§ **Data**

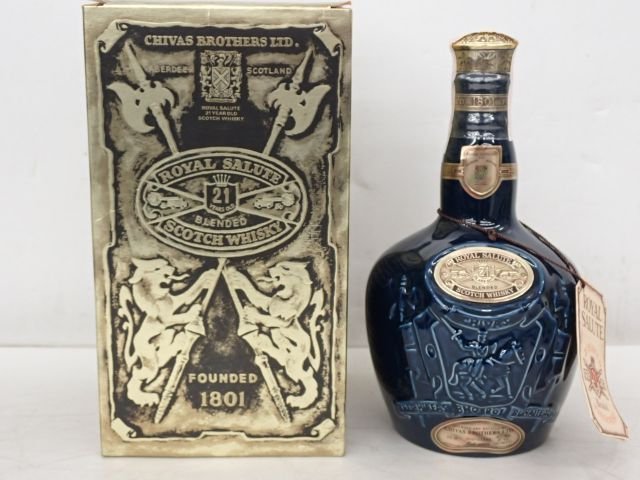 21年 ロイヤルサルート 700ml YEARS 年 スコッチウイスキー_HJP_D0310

* * *

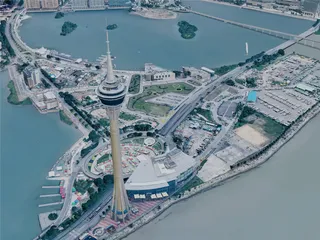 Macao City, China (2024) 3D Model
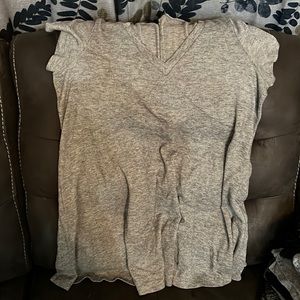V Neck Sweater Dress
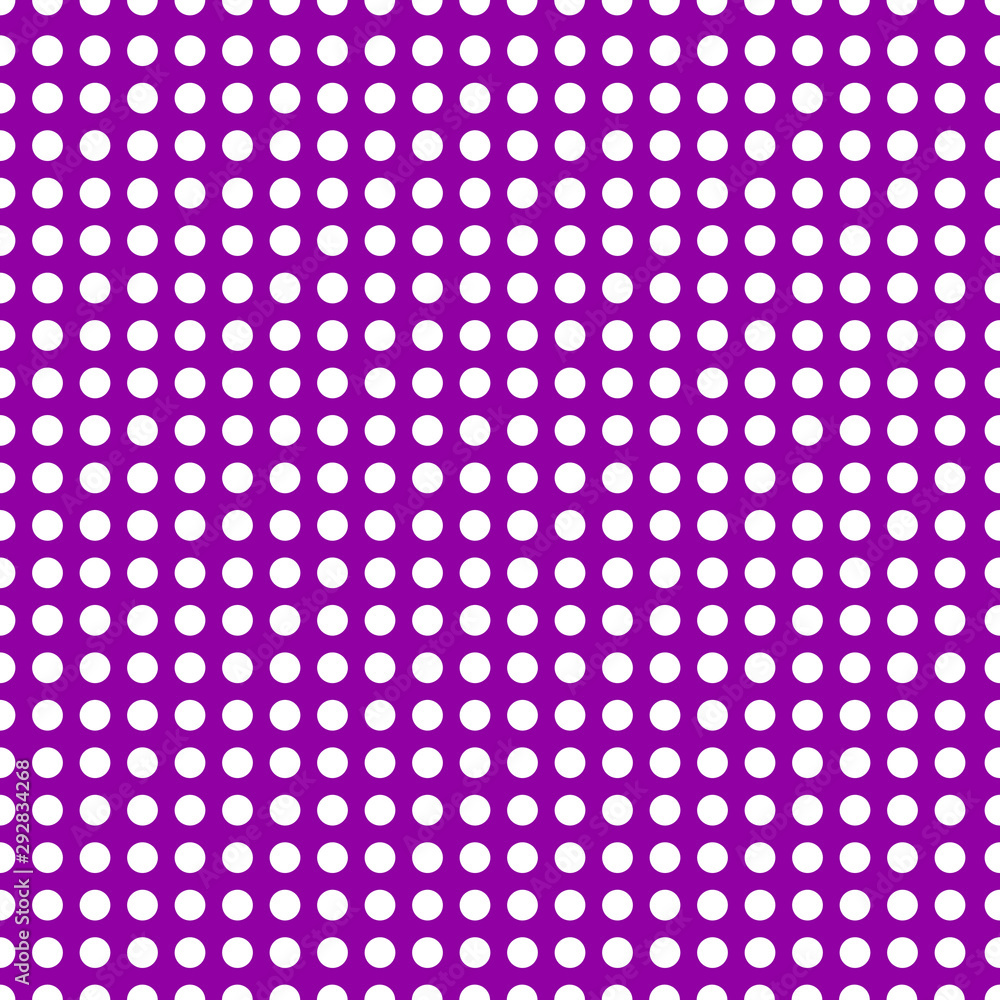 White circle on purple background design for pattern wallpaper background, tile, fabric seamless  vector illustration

...

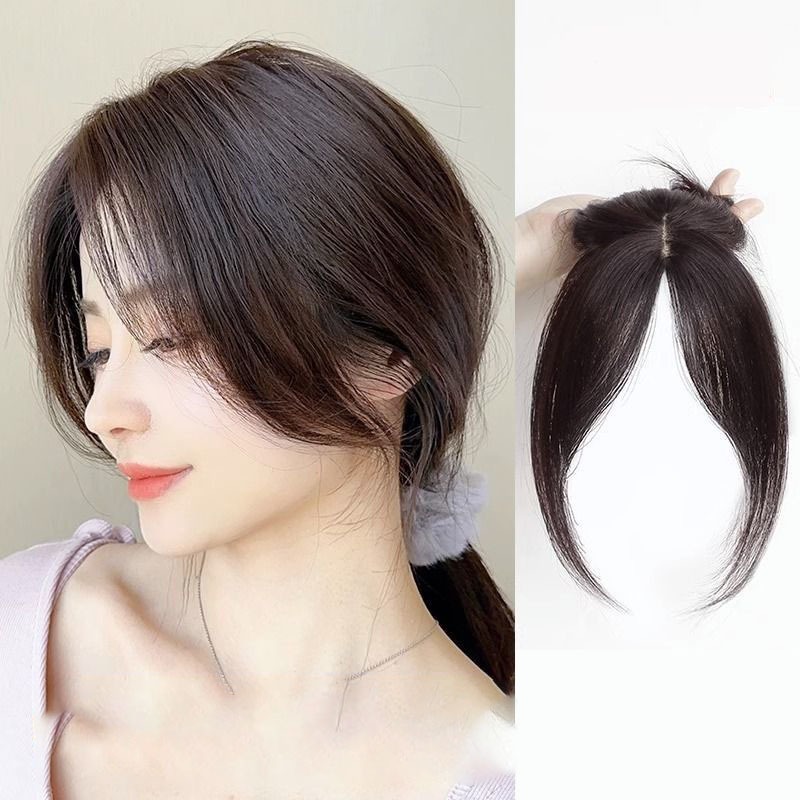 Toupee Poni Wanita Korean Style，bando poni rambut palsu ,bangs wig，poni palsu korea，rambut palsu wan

§ **Problem details**
Look above for the line containing "Macao City, China (2024) 3D Model", then copy exactly from it through the line containing "White circle on", keeping both and leaving out pictures. Add nothing else.

§ **Solution to this problem**
 Macao City, China (2024) 3D Model
V Neck Sweater Dress
 White circle on purple background design for pattern wallpaper background, tile, fabric seamless  vector illustration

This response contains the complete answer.